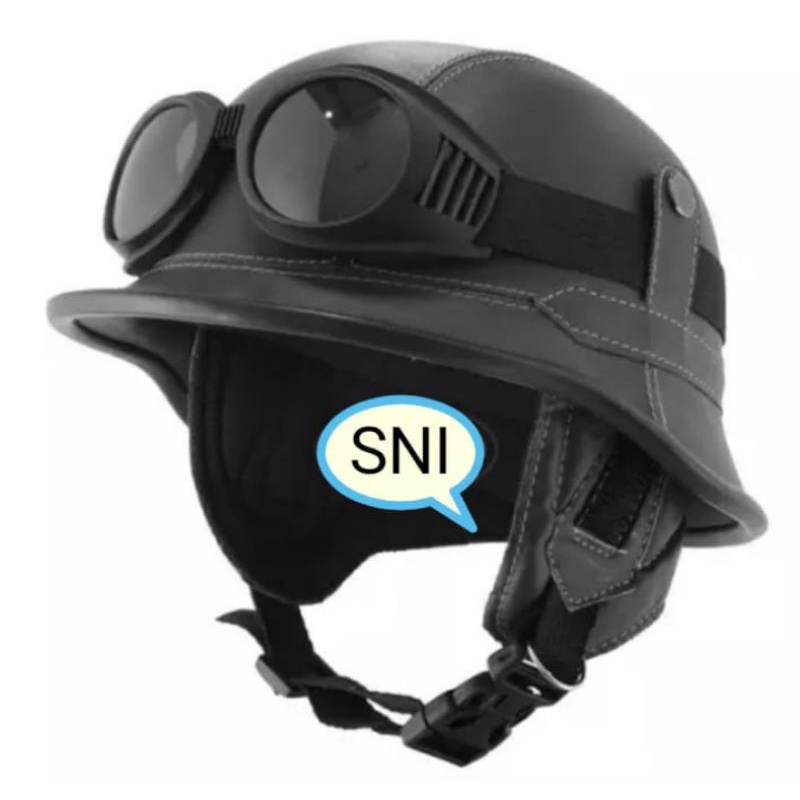 Helm retro clasic dewasa+kacamata retro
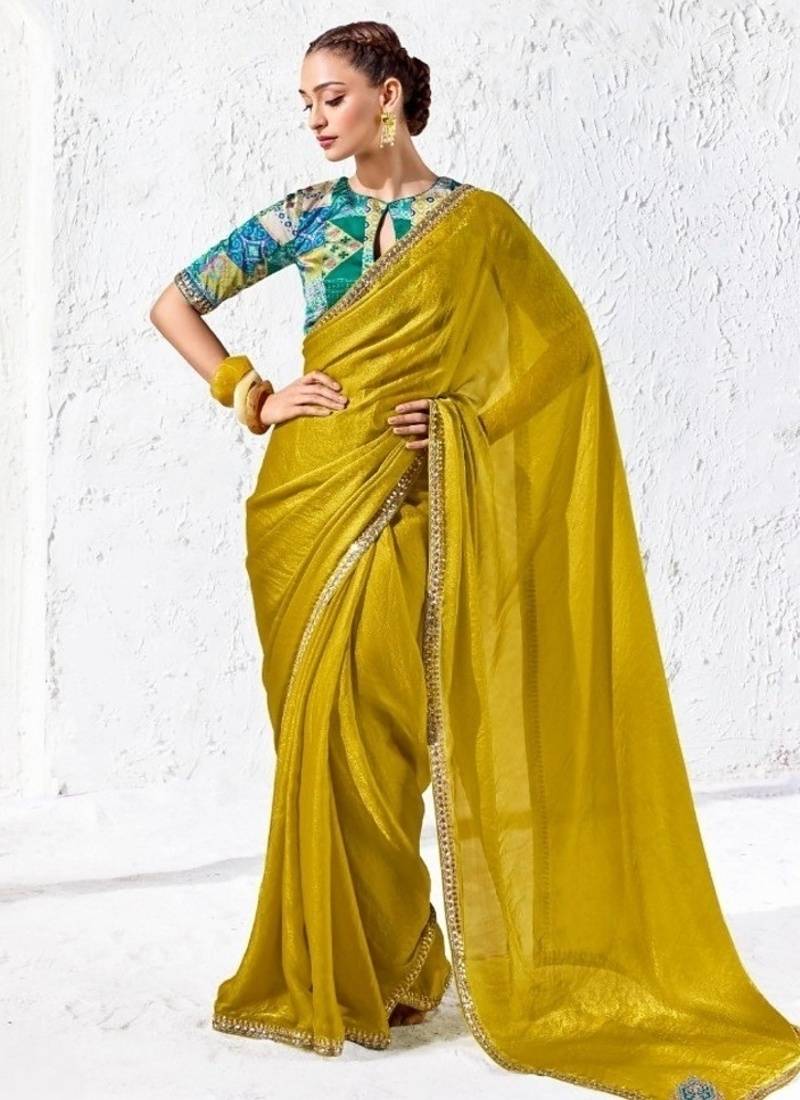 Yellow premium luxe silk blend & organza designer saree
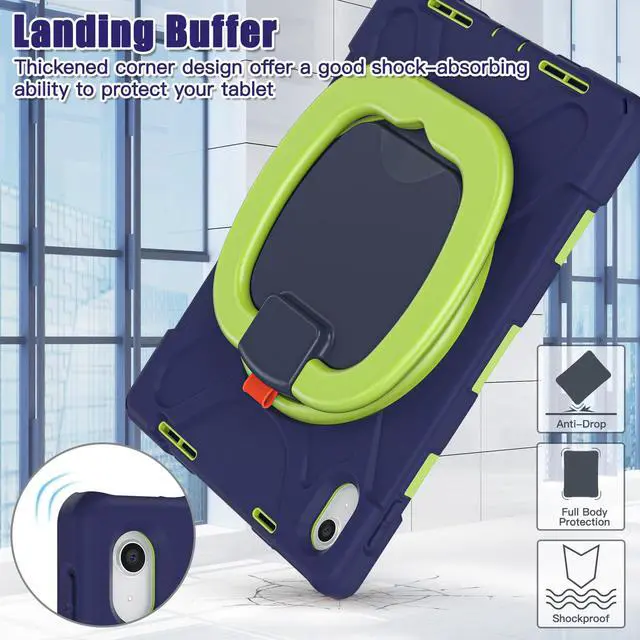Alt view image 4 of 7 - Case for iPad 10th Generation 2022 10.9 Inch Model A2696 A2757 A2777, Rugged Heavy Duty Shockproo cover with Pencil Holder/360 Degree Kickstand/Hand Grip/Shoulder Strap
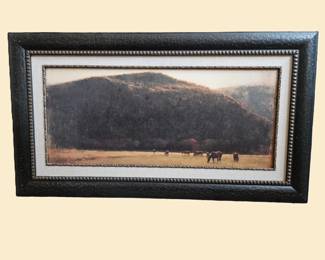  M Wilkinson(?) 36x20 Textured Lithograph Horses Mountain Landscape Art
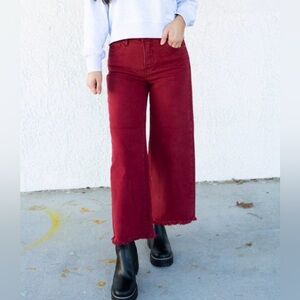 ✨NWT Risen Red Wine Burgundy Wide-Leg Jeans High-Rise Tummy Control Crop Capri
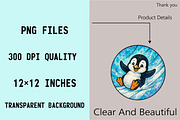 Sweet Baby Penguin Stained Glass Cli, an Illustration by SVGArt (Thumbnail 6 of 8)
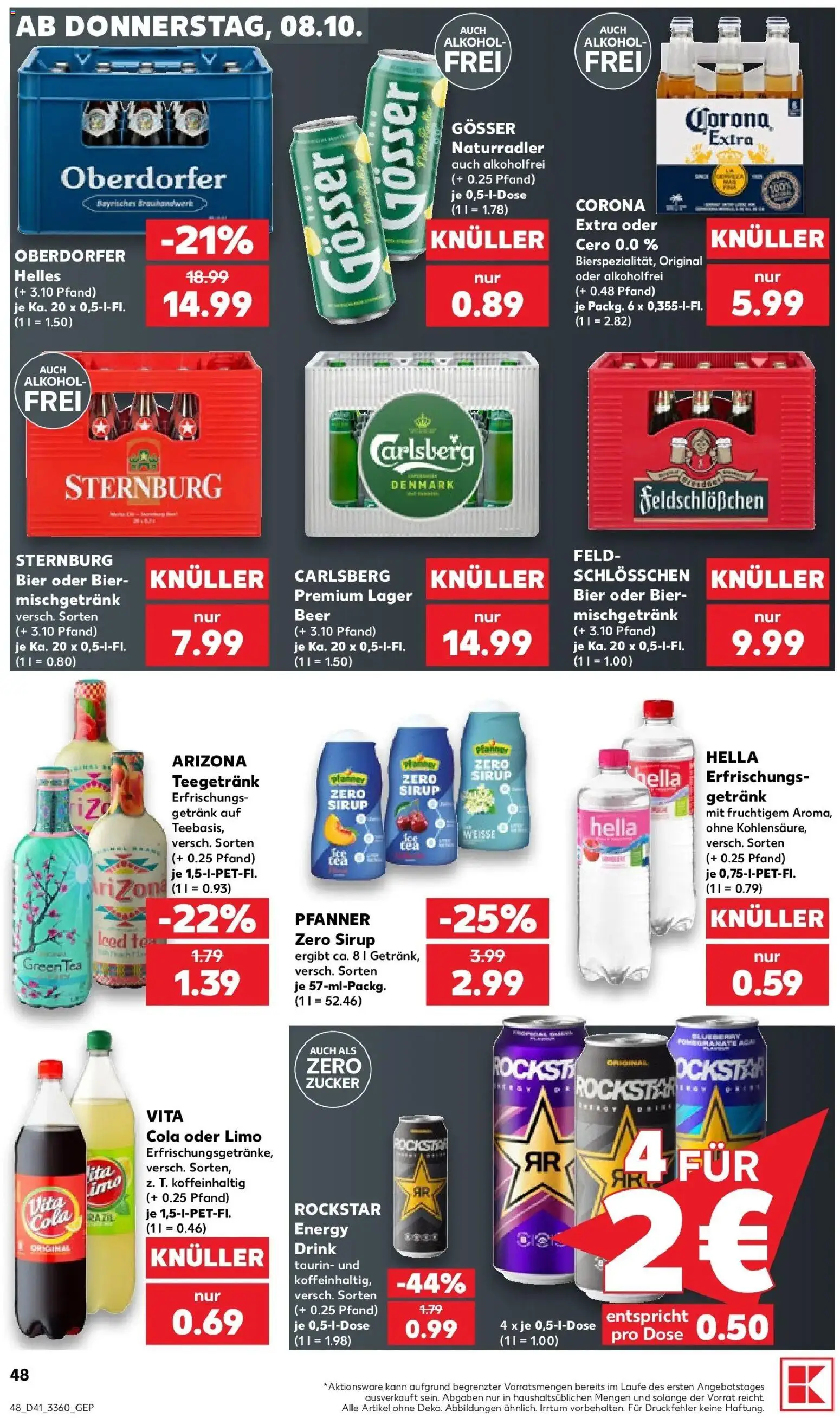 Vorschau von dem Prospekt des Geschäftes Kaufland, gültig ab dem 08.10.2026 - Alkohol, Rockstar, Zucker, Energy, Carlsberg, Hella, Vita cola, Sirup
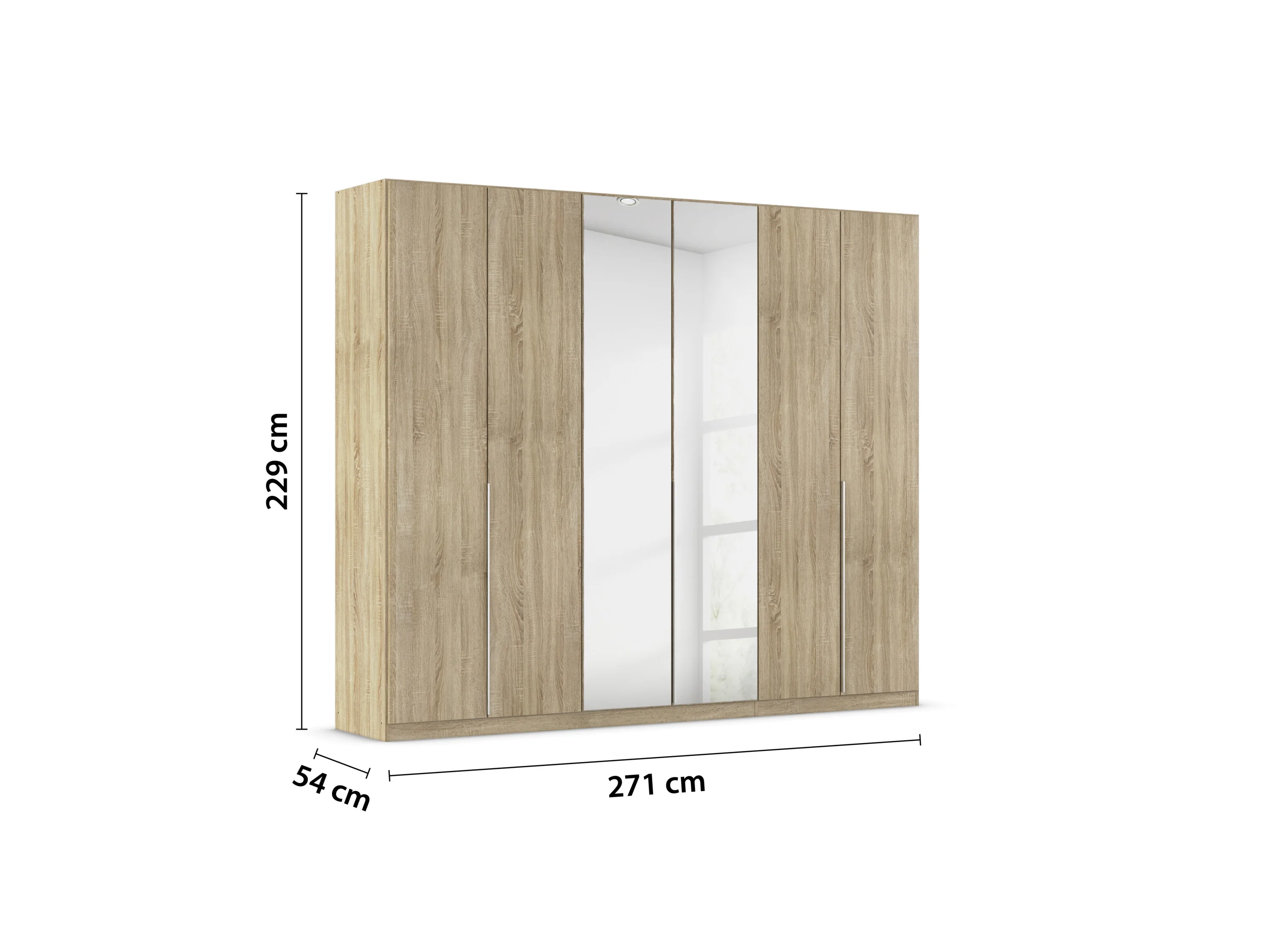 RAUCH ORANGE Drehtürenschrank Alabama mit Spiegel (Basic-Zubehör, Eiche Sonoma, Griffe Alufarben, 271 x 229 cm) – Bild 4 von 4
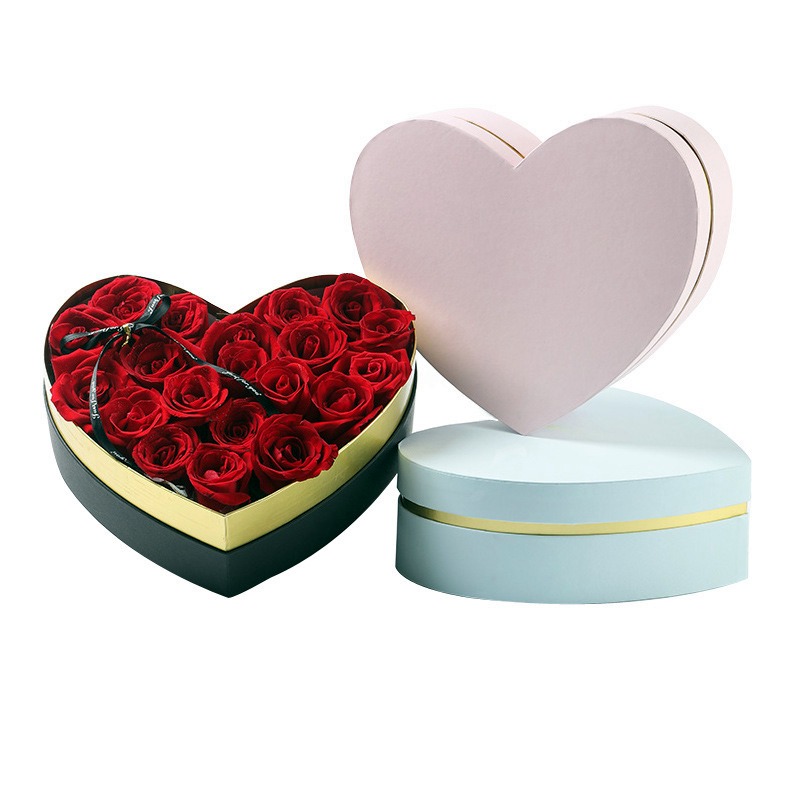 Custom Heart Shaped Boxes for Roses Romantic Present Gift 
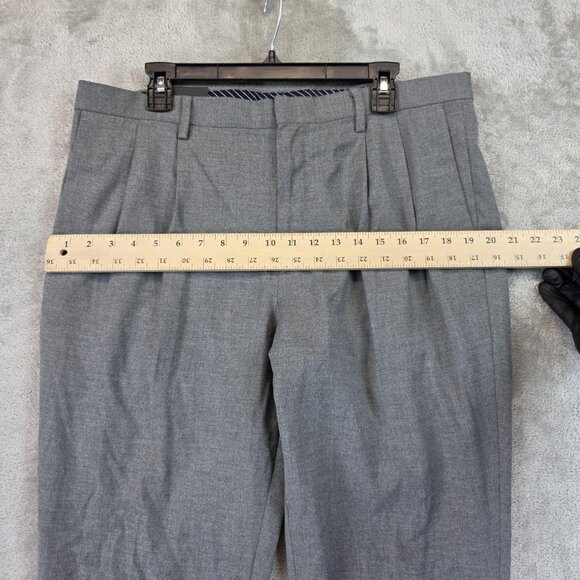 Banana Republic Pants Mens 36x32 Gray Slim Pleated Wool Blend Dress Trousers - Picture 5 of 14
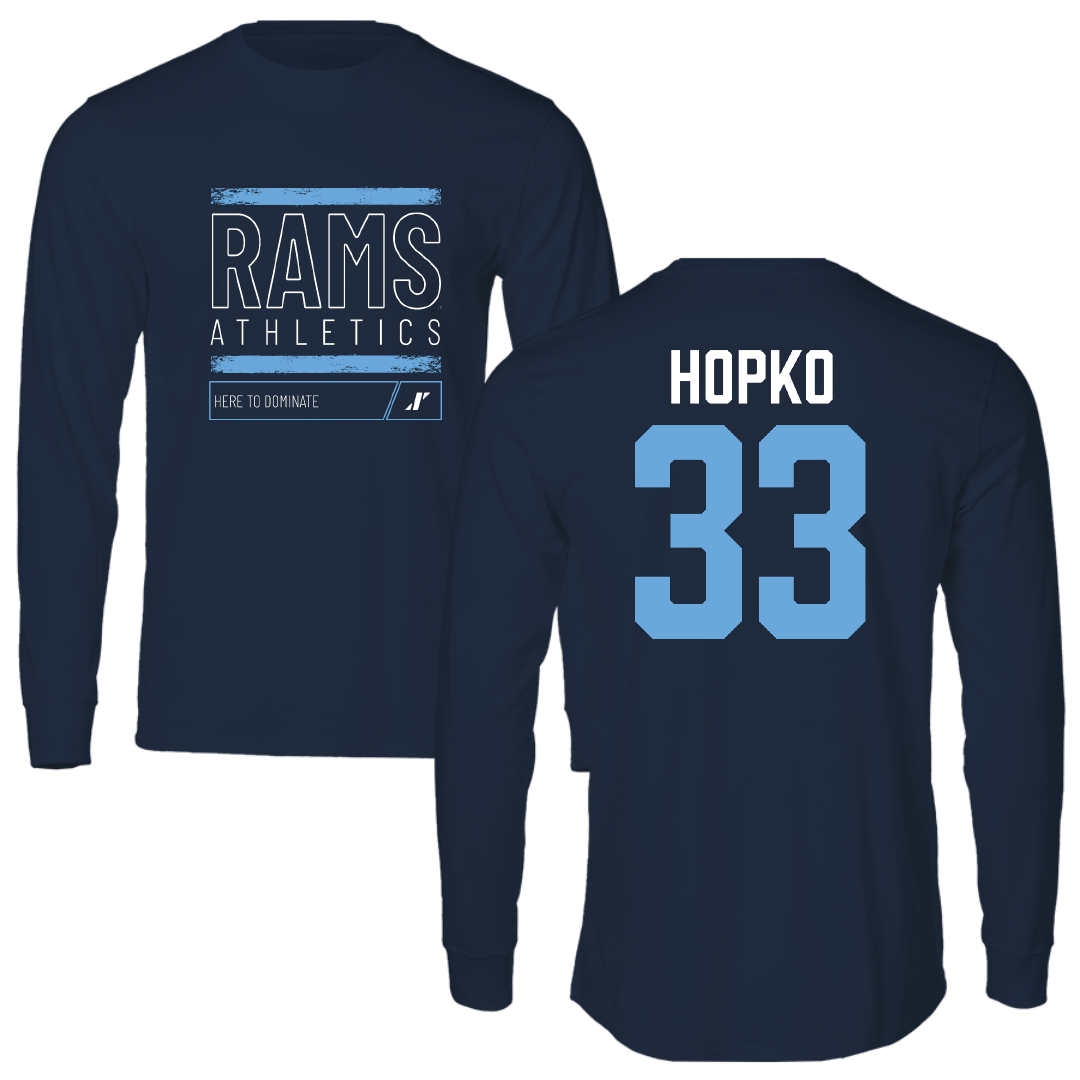University of Rhode Island Baseball Navy Dominate Long Sleeve - #33 Jack Hopko
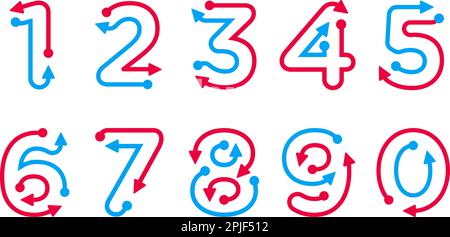 Direction arrows design from numbers. Latin alphabet numbers from 1 to 0. Logo, corporate identity, app, creative poster and more. Stock Vector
★ ★ ★ ★ ★ ★ ★
▶ WHAT IS REQUIRED
Write back the stretch of lines above that begins with the line holding "Vorschau von dem" and ends with the line holding "Custom Heart Shaped", both included, exactly as written. Pictures stay out.

▶ RESULT OF THIS TASK
 Vorschau von dem Prospekt des Geschäftes Kaufland, gültig ab dem 08.10.2026 - Alkohol, Rockstar, Zucker, Energy, Carlsberg, Hella, Vita cola, Sirup
 RAUCH ORANGE Drehtürenschrank Alabama mit Spiegel (Basic-Zubehör, Eiche Sonoma, Griffe Alufarben, 271 x 229 cm) – Bild 4 von 4
 Custom Heart Shaped Boxes for Roses Romantic Present Gift 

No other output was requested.